#### [DATASET EXCERPTS]
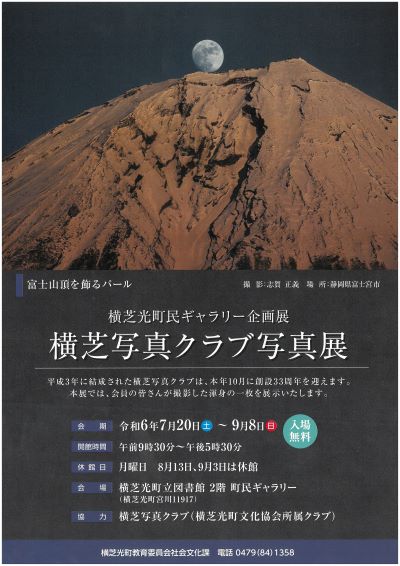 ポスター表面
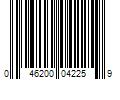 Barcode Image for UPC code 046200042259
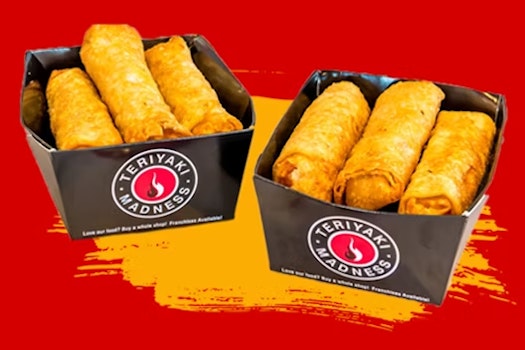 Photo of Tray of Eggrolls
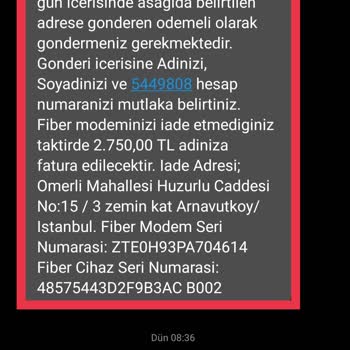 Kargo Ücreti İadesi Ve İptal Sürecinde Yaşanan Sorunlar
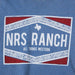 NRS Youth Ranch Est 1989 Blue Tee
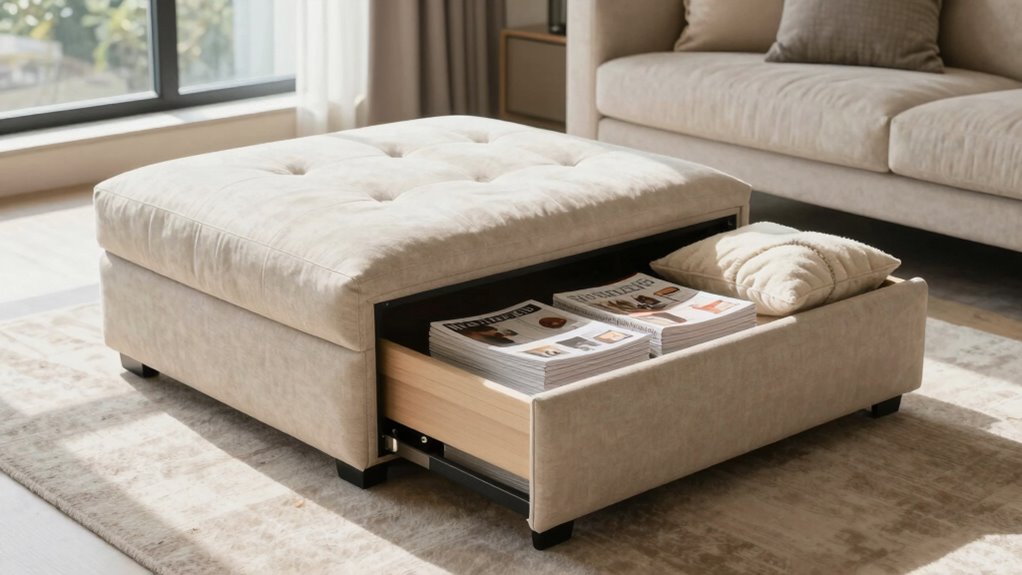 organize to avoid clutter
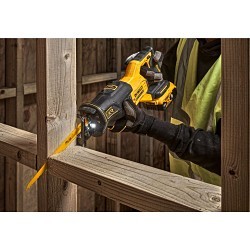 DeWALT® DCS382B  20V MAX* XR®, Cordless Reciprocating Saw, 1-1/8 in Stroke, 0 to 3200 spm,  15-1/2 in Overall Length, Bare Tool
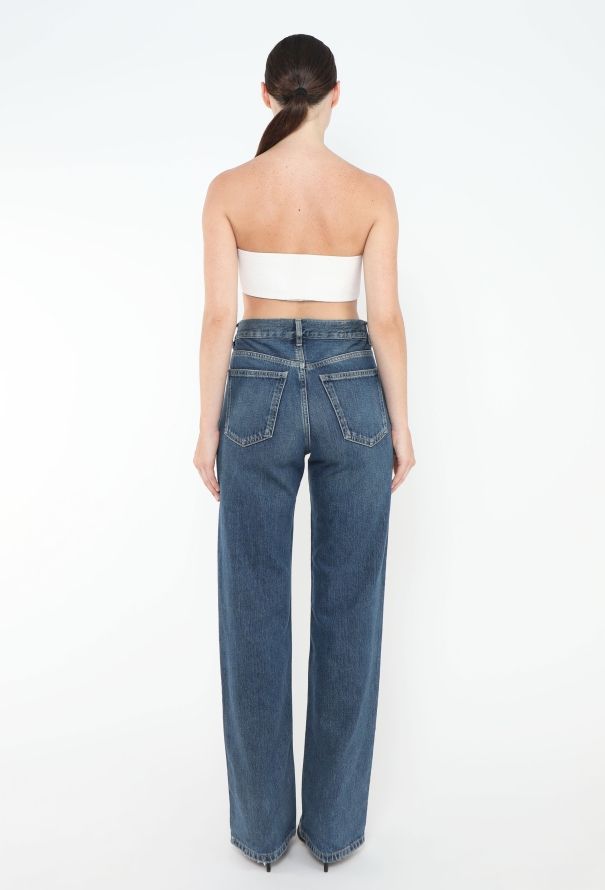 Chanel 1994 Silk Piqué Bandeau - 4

#### [WORK TO BE COMPLETED]
With pictures omitted, restate exactly every line from the one containing "Photo of Tray of Eggrolls" through the last line of the material, inclusive.

#### [WRITTEN SOLUTION]
 Photo of Tray of Eggrolls
 Kargo Ücreti İadesi Ve İptal Sürecinde Yaşanan Sorunlar
 NRS Youth Ranch Est 1989 Blue Tee
 organize to avoid clutter
 DeWALT® DCS382B  20V MAX* XR®, Cordless Reciprocating Saw, 1-1/8 in Stroke, 0 to 3200 spm,  15-1/2 in Overall Length, Bare Tool
 Chanel 1994 Silk Piqué Bandeau - 4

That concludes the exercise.